Other disclosed embodiments include a subsurface modeling system that includes: a memory having subhorizon modeling software; and one or more processors coupled to the memory to execute the software. The software causes the one or more processors to carry out automatic operations that include: obtaining a set of conformable horizons in a model space with one or more of the horizons being incomplete; automatically performing proportional extrapolation for each of the horizons having at least one edge between two of the horizons; and, once no edges can be found between two of the horizons, automatically performing thickness extrapolation for each of the horizons having at least one edge inside a boundary of an adjacent one of the horizons. The resulting set of conformable horizons can be displayed on a computer monitor. In some variations, the displaying may be done after the set of conformable horizons are terminated with at least one non-conformable horizon such as a basal horizon, a discontinuous horizon, or an erosional horizon, particularly where the set of conformable horizons is one of multiple such sets. In this case, the method may further include: performing automatic proportional and thickness extrapolation for each such set individually; employing one or more non-conformable horizons to terminate the sets along one or more shared boundaries; and combining the terminated sets in one model space. An edge may be determined to be between two horizons if vertical lines extending in both directions from the edge each intersect one of the two horizons, or alternatively, if lines extending from the edge in both directions normal to the given horizon each intersect one of the two horizons. An edge may be determined to be inside a boundary of an adjacent horizon if a vertical line extending in either direction from the edge intersects the adjacent horizon, or alternatively, if a line extending from the edge in a direction normal to the given horizon intersects the adjacent horizon. The set of conformable horizons may be obtained in an ordered sequence, so that performing the proportional extrapolation might include iterating through the sequence and performing the thickness extrapolation would include a separate iteration through the sequence.

BRIEF DESCRIPTION OF THE DRAWINGS

FIG. 1 is a map view of an illustrative region of interest.

FIG. 2 shows a geomodeler employing an illustrative modeling system.

FIG. 3 is a perspective view of an illustrative set of incomplete horizons.

FIG. 4A shows illustrative horizons in a two dimensional model space.

FIG. 4B shows multiple sets of conformable horizons bounded by non-conformable horizons.

FIG. 4C shows an evenly distributed sampling of horizon information.

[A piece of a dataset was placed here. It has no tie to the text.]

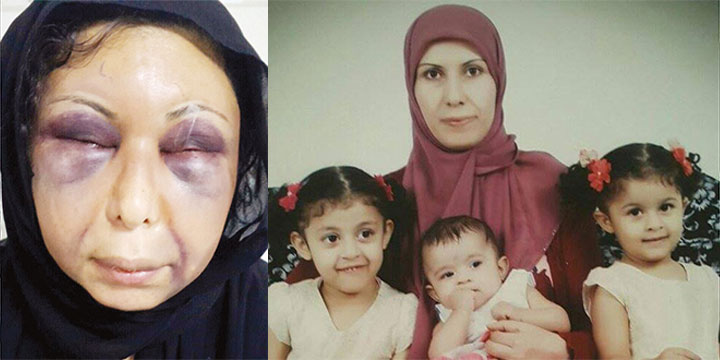شاهد بالفيديو .. بحريني يعذب طليقته السورية بطريقة وحشية ويتسبب إصابات بليغة في الوجه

FIG. 5A shows the depth as a function of position for a reference horizon and an incomplete horizon as used in an embodiment of thickness-based extrapolation.

FIG. 5B illustrates the thickness of the layer bounded by the two horizons as plotted as a function of position as used in an embodiment of thickness-based extrapolation.

FIG. 5C illustrates a plot of the depth as a function of position for reference horizons as well as an incomplete horizon as used in an embodiment of proportional-based extrapolation.

FIG. 5D illustrates the distance between the two reference horizons as plotted as a function of position as used in an embodiment of proportional-based extrapolation

FIG. 6 is a flow diagram of an illustrative extrapolation method.

FIG. 7A illustrates an initial set of incomplete conformable horizons.

FIG. 7B illustrates a resulting set of fully extrapolated horizons resulting from the sole application of thickness-based extrapolations.

FIG. 7C illustrates the initial extrapolations of the horizons.

FIG. 7D illustrates extrapolation of the second lowermost horizon.

FIG. 7E illustrates extrapolation of the middle horizon.

FIG. 7F illustrates extrapolation of the fourth lowermost horizon.

FIG. 7G illustrates extrapolation of the third lowermost horizon.

FIG. 7H illustrates extrapolation of the second lowermost horizon.

FIG. 7I illustrates extrapolation of the lowermost horizon.

FIG. 7J illustrates extrapolation of the topmost horizon, using an adjacent horizon as a reference horizon.

FIG. 8A is a perspective view of partially extrapolated horizons.

FIG. 8B is a perspective view of fully extrapolated horizons.

It should be understood, however, that the specific embodiments given in the drawings and detailed description thereto do not limit the disclosure. On the contrary, they provide the foundation for one of ordinary skill to discern the alternative forms, equivalents, and modifications that are encompassed together with one or more of the given embodiments in the scope of the appended claims.

DETAILED DESCRIPTION

At least some of the disclosed methods and systems extrapolate any given set of horizons to cover a specified area of interest in such a manner that the horizons are conformable to each other. A dual-extrapolation approach is employed, beginning with horizon extrapolations using a proportional method where possible, and following that with a horizon extrapolations using a thickness-based method. The proportional method (also known as “surface morphing”) fills any gaps that are controlled both by underlying and overlying horizons. As a result the horizon being extended is controlled by the adjacent horizons above and below it. With proper selection of the extrapolation order, the set of horizons remains fully conformable. A thickness-based extrapolation (such as an isopach or isochore extrapolation) can then be applied. Again the extrapolation is applied in an order that ensures conformal behavior of the fully extrapolated horizons. It is expected that the disclosed methods and systems may dramatically facilitate the process of deriving a structural 3D model from partial horizons in fields lacking field-wide reference horizons, making it more feasible to fully model complex fields and correct errors in such models.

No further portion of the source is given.